Santiago’s name represents its history. Santiago is for the Apostle Saint James and Compostela refers to a burial ground and the paper presented to the early pilgrims documenting the completion of their pilgrimage. When the catholic church declared that the remains of St. James had been discovered in a tomb in the area around 813, the King ordered a chapel built at the site. A church followed and soon pilgrimages began to the site from France and Spain. A cathedral was begun at the site in 1075 and eventually the town of Santiago grew around the site to function as a major Christian religious site up to the present day.

Our last hotel on our trip was a small B and B, Hotel Atalaia, at the beginning of old town. Our large and modern upgraded room was the only one on the third floor with the elevator opening directly into the room. Quite unusual for a European hotel. Katherine went for a run before dinner and discovered a large green park outside of old town. Santiago’s old town is clearly medieval in appearance with very winding and narrow streets. We found dinner in a small café facing the large square on the back side of the cathedral.

We were up early the next morning to be tourists as we had to catch an afternoon flight back to Malaga. We walked through all old town and visited the Cathedral for only a short while as there is a major restoration ongoing and most of the interior is hidden by protective coverings and scaffolding. What we could see was impressive and showed its almost one- thousand- year age. It is a much darker cathedral than bright ones like Leon or Burgos and this is a simple fact based on the design. Santiago is a Romanesque construction which requires thick walls and much fewer windows, the opposite of the brighter Gothic cathedrals.
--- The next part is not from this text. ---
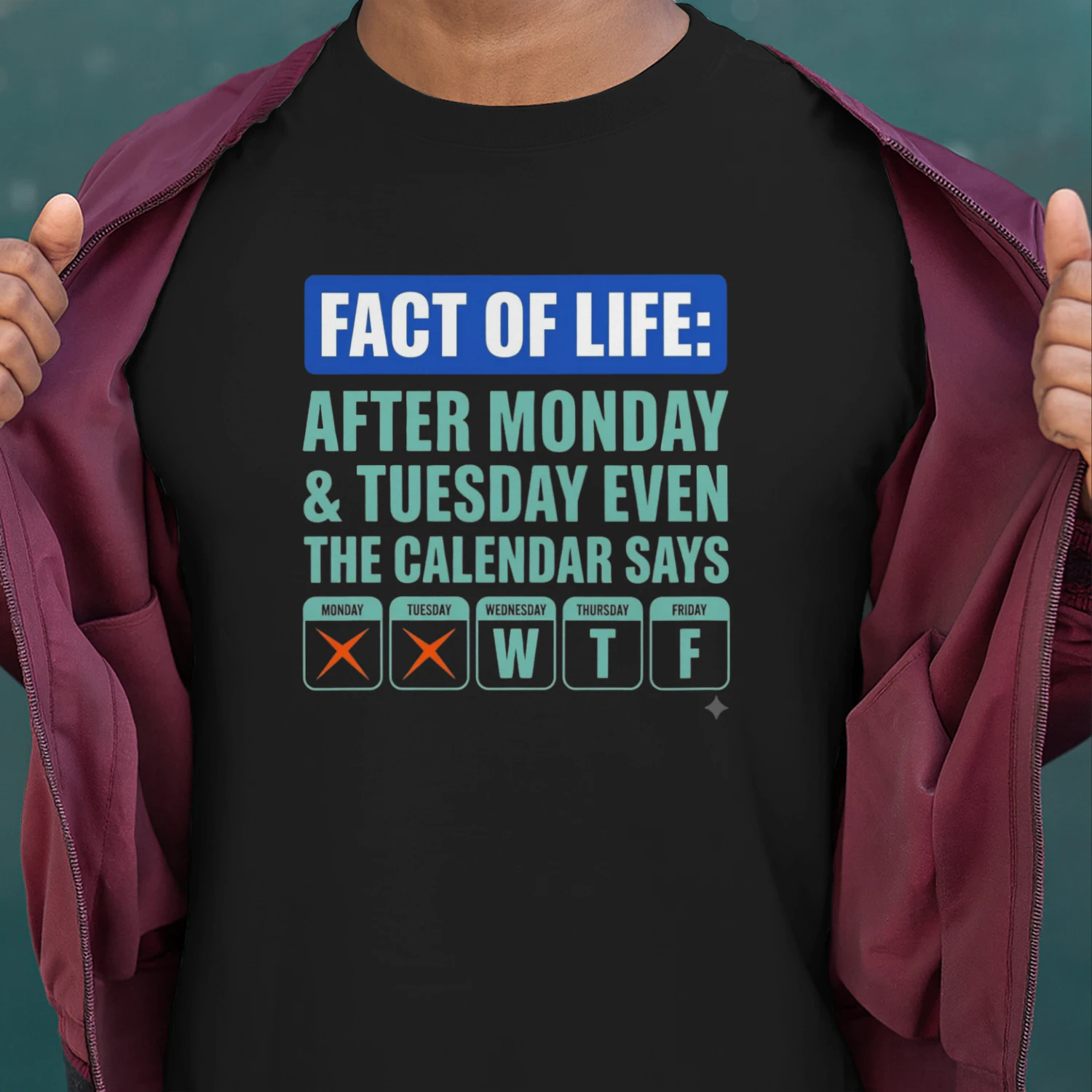 Fact of Life: After Monday & Tuesday Even the Calendar Says WTF Funny Graphic T-Shirt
Our last stop was at the Museum of Pilgrimage and Santiago, a modern museum created in 1951. We spent a few hours there reading through all the exhibits which account for the entire history of Santiago and the origin and growth of the different pilgrimages to the city. A quick lunch and some last-minute shopping and we were off to the very nice airport, getting back to Malaga without any problems by 5 pm.

We had a very interesting and beautifully scenic trip through north Spain. The nice weather, good hotels and great food and wine just made it all the better.